# How many Bolivian Rams?



## juhason (Nov 10, 2013)

I have a 30 gallon tank that I will be redoing soon, and I really want to add a school of Bolivians. Well, I'd say either Bolivians or Apistos. So, if I went with Bolivians what would be the maximum amount of them I could keep in there, and what other fish could I add with them? Same questions goes for the apistos. Thanks in advance! 

(I'm also open to other suggestions for my main fish. Just not German rams as I have had them plenty of times, I'm looking for something a little different.)


----------



## Cichlidman14 (Jul 17, 2013)

If your open to ides i have one, how about a pair of kribs, there from west Africa and like soft water just like Bolivians and apistos do?


----------



## juhason (Nov 10, 2013)

Cichlidman14 said:


> If your open to ides i have one, how about a pair of kribs, there from west Africa and like soft water just like Bolivians and apistos do?


I also do think kribs are very pretty and would love them, however I want my tank to sorta look full, but not too full. If I got kribs, could I also keep apistos or bolivians? Otherwise what tankmates work with kribs?


----------



## Cichlidman14 (Jul 17, 2013)

You could do a pair of kribs, 6-8 lalck neon tetras, 3-4 oto cats and a pair of borelli apistos or panda apistos which are the smaller apisto species. Just include two caves and flat rocks, driftwood with plants to break the line of sight.


----------



## juhason (Nov 10, 2013)

Cichlidman14 said:


> You could do a pair of kribs, 6-8 lalck neon tetras, 3-4 oto cats and a pair of borelli apistos or panda apistos which are the smaller apisto species. Just include two caves and flat rocks, driftwood with plants to break the line of sight.

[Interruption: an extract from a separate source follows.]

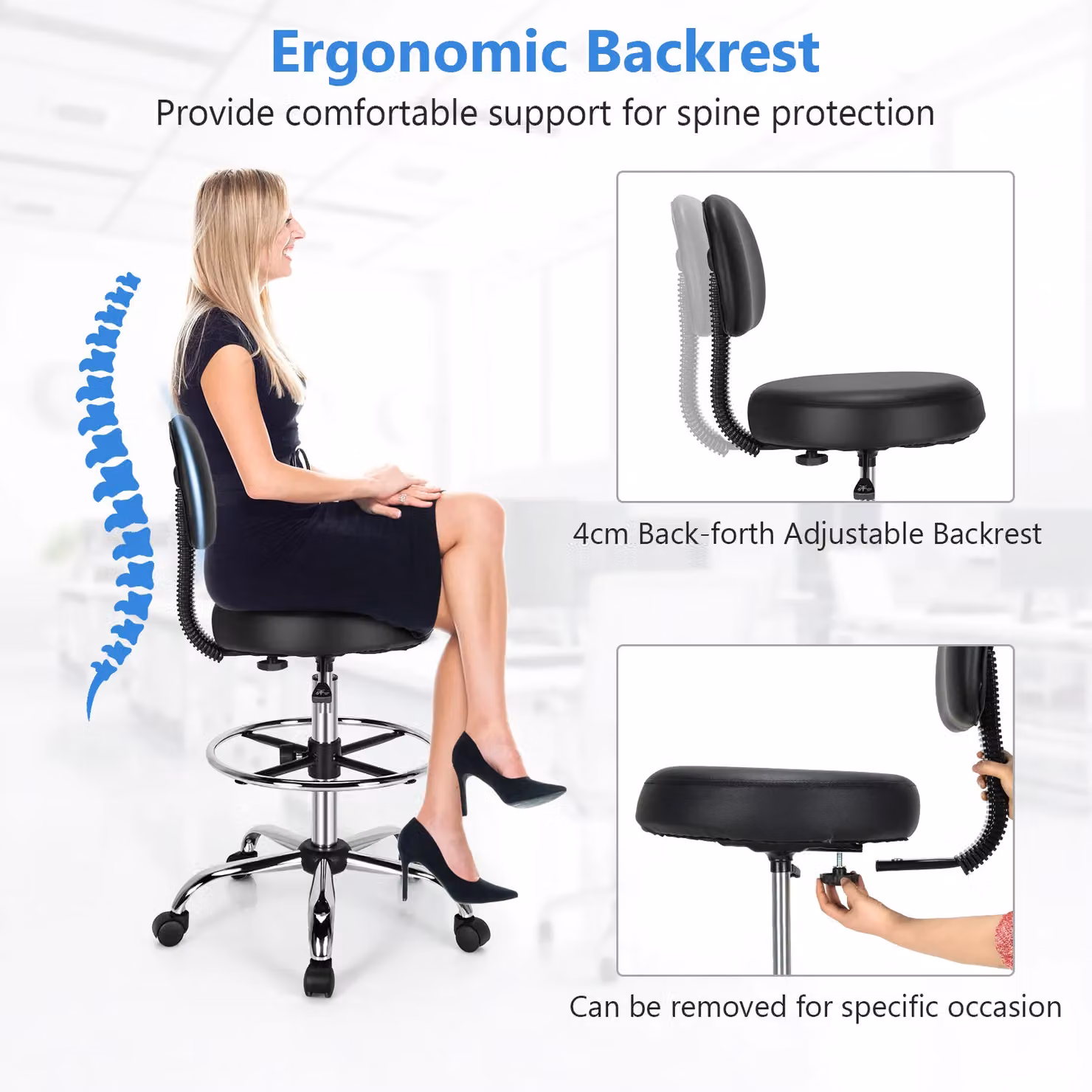 Costway Ergonomic Drafting Chair, Height Adjustable Swivel Office Stool in Black Synthetic Leather – 4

Hmm...I'm liking the sound of that. Instead of the black neons could I do rummy nose? I've always wanted those haha. And I love fish that school closely. Do black neons do that? Cause I know regular neons spread out once comfortable.


----------



## Cichlidman14 (Jul 17, 2013)

Rummynose are going to be your more active and move more, just bringing the rummynose tetras up, you should totally switch them out.


----------



## juhason (Nov 10, 2013)

Awesome thank!


----------



## Cichlidman14 (Jul 17, 2013)

No problem


----------



## dredgesclone (Sep 2, 2013)

In my experience rummynose are fragile and sickly. Qt those guys for a month and slowly accumate. I lost most of my tank after bringing home 5 rummynose. Google rummy nose dying and you'll see pages of threads.


----------



## juhason (Nov 10, 2013)

I have heard of that but I just really like them. I think it's worth a shot at least. Neons are also very fragile upon introduction, I would know I went through almost 15 neons before I was able to get any to survive. They just kept unexpectedly dying. But I've mastered neons, now I'll give rummynose a try. But thanks for the info! I'll be sure to watch out for them.


----------



## NJmomie (Jan 17, 2013)

I have also heard that rummynose are fragile and get sick easily. Ever thought of celestial pearl danios? They are from the danio family but sooooo pretty.


----------



## Mr Chromedome (Feb 12, 2013)

Do *NOT* mix Kribs and Apistos. Kribs get noticeably bigger, and are more aggressive. A 30 gallon tank is barely enough space for a full grown pair of Kribs, especially if they spawn. Apistos and Bolivians can be mixed, if the tank has a big enough footprint. Are we talking a tall tank or a long tank? In a 36" long 30 you could do a half dozen Bolivians, or 4 Bolivians and a trio of Cockatoo Apistos, or one of the other tough species such as Rot Punckt, _borelli_, or _macmasteri_. In a tall 30, with a 30" base, you could probably do 4-5 Bolivians, or a trio of the Apisto species mentioned.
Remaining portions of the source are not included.